Last comma needed to compile. This avoids changing lines in version control that weren’t affected by the change.

Function

  • os.Args – to get args passed to main
  • fmt.Println(a, b, c)
  • fun Mine(type string) string – return one string
  • fun Mine(type string) (string, string) – return two strings
  • return “a”, “b” – return two things
  • fun Mine(name … string) – takes a slice of strings; can call like varargs in Java

Can use variables for return. If don’t set all return values, “return” will fail. (Ok to use nil)
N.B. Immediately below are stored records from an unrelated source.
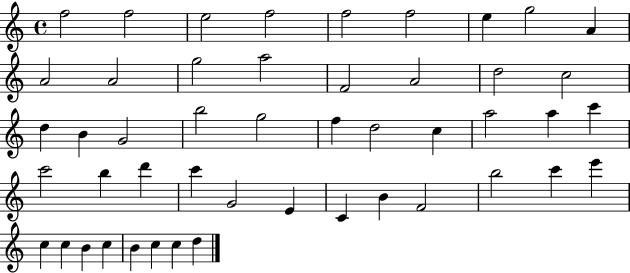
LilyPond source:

{
  \clef treble
  \time 4/4
  \defaultTimeSignature
  \key c \major
  f''2 f''2 | e''2 f''2 | f''2 f''2 | e''4 g''2 a'4 | \break a'2 a'2 | g''2 a''2 | f'2 a'2 | d''2 c''2 | \break d''4 b'4 g'2 | b''2 g''2 | f''4 d''2 c''4 | a''2 a''4 c'''4 | \break c'''2 b''4 d'''4 | c'''4 g'2 e'4 | c'4 b'4 f'2 | b''2 c'''4 e'''4 | \break c''4 c''4 b'4 c''4 | b'4 c''4 c''4 d''4 | \bar "|."
} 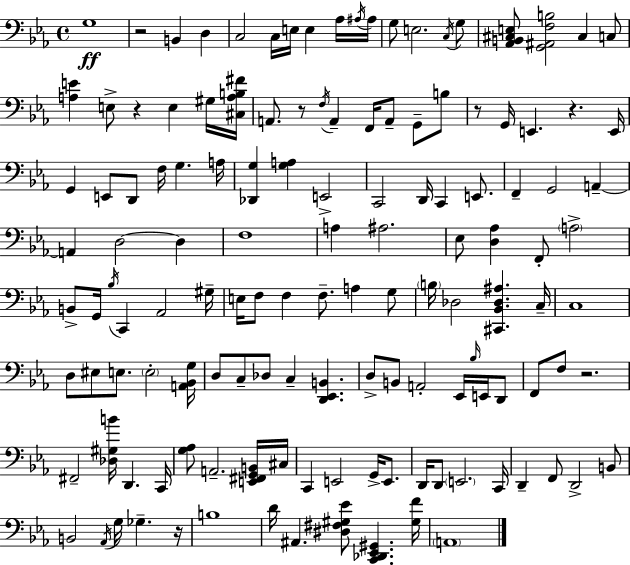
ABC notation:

X:1
T:Untitled
M:4/4
L:1/4
K:Eb
G,4 z2 B,, D, C,2 C,/4 E,/4 E, _A,/4 ^A,/4 ^A,/4 G,/2 E,2 C,/4 G,/2 [_A,,B,,^C,E,]/2 [G,,^A,,F,B,]2 ^C, C,/2 [A,E] E,/2 z E, ^G,/4 [^C,A,B,^F]/4 A,,/2 z/2 F,/4 A,, F,,/4 A,,/2 G,,/2 B,/2 z/2 G,,/4 E,, z E,,/4 G,, E,,/2 D,,/2 F,/4 G, A,/4 [_D,,G,] [G,A,] E,,2 C,,2 D,,/4 C,, E,,/2 F,, G,,2 A,, A,, D,2 D, F,4 A, ^A,2 _E,/2 [D,_A,] F,,/2 A,2 B,,/2 G,,/4 _B,/4 C,, _A,,2 ^G,/4 E,/4 F,/2 F, F,/2 A, G,/2 B,/4 _D,2 [^C,,_B,,_D,^A,] C,/4 C,4 D,/2 ^E,/2 E,/2 E,2 [A,,_B,,G,]/4 D,/2 C,/2 _D,/2 C, [D,,_E,,B,,] D,/2 B,,/2 A,,2 _E,,/4 _B,/4 E,,/4 D,,/2 F,,/2 F,/2 z2 ^F,,2 [_D,^G,B]/4 D,, C,,/4 [G,_A,]/2 A,,2 [E,,^F,,G,,B,,]/4 ^C,/4 C,, E,,2 G,,/4 E,,/2 D,,/4 D,,/2 E,,2 C,,/4 D,, F,,/2 D,,2 B,,/2 B,,2 _A,,/4 G,/4 _G, z/4 B,4 D/4 ^A,, [^D,^F,^G,_E]/2 [C,,_D,,_E,,^G,,] [^G,F]/4 A,,4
func Mine() (x string, y string) {
  x = "x"
  y = "y"
  return

Methods

  • Function only accessible on a type
func (x MyType) MethodName() {
}
var m = MyType{}
m.MethodName()

Interfaces

  • uses duck typing – if method has signature of interface, it is that interface
  • interface{} – no functions so everything implements

My take

Good intro. I was puzzled at the beginning about scope. I thought it was a talk but he said workshop. Then the instructions about creating a key were there. Then it was a talk. Which is what I was expecting. It would have been clearer to not include “workshop” in the title slide to match both the abstract and session. Avoids that confusion. I do like the lab was available for “later”. The references to “we will cover that later” with 20 minutes left felt like false promises.
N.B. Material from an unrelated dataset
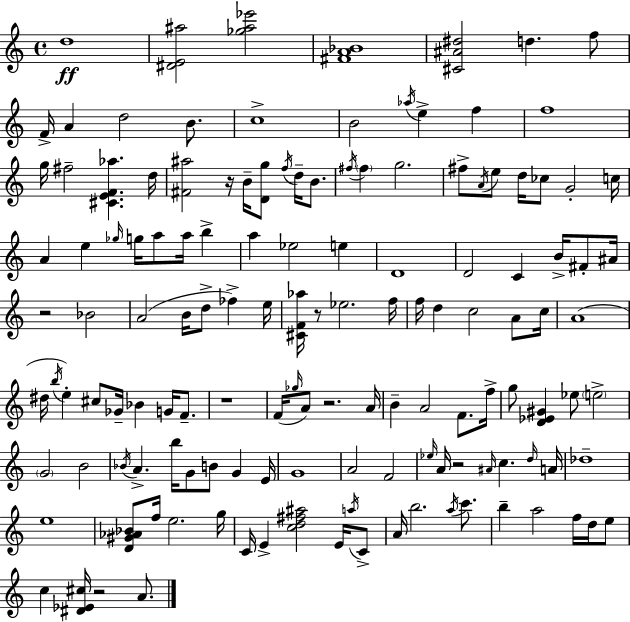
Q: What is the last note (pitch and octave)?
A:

The actual material and flow was great. I learned a lot and the callouts for what is different in Java was helpful. The examples were good for learning. I’m happy with the session and glad I attended. I just wish it was designed to be a 90 minute presentation with “see here for full” rather than trying to shoehorn something clearly much longer into 90 minutes.

He went a little over. I stopped blogging at the official end time because the rest was flying through a lot of the remaining slides too fast to follow, let alone understand/type.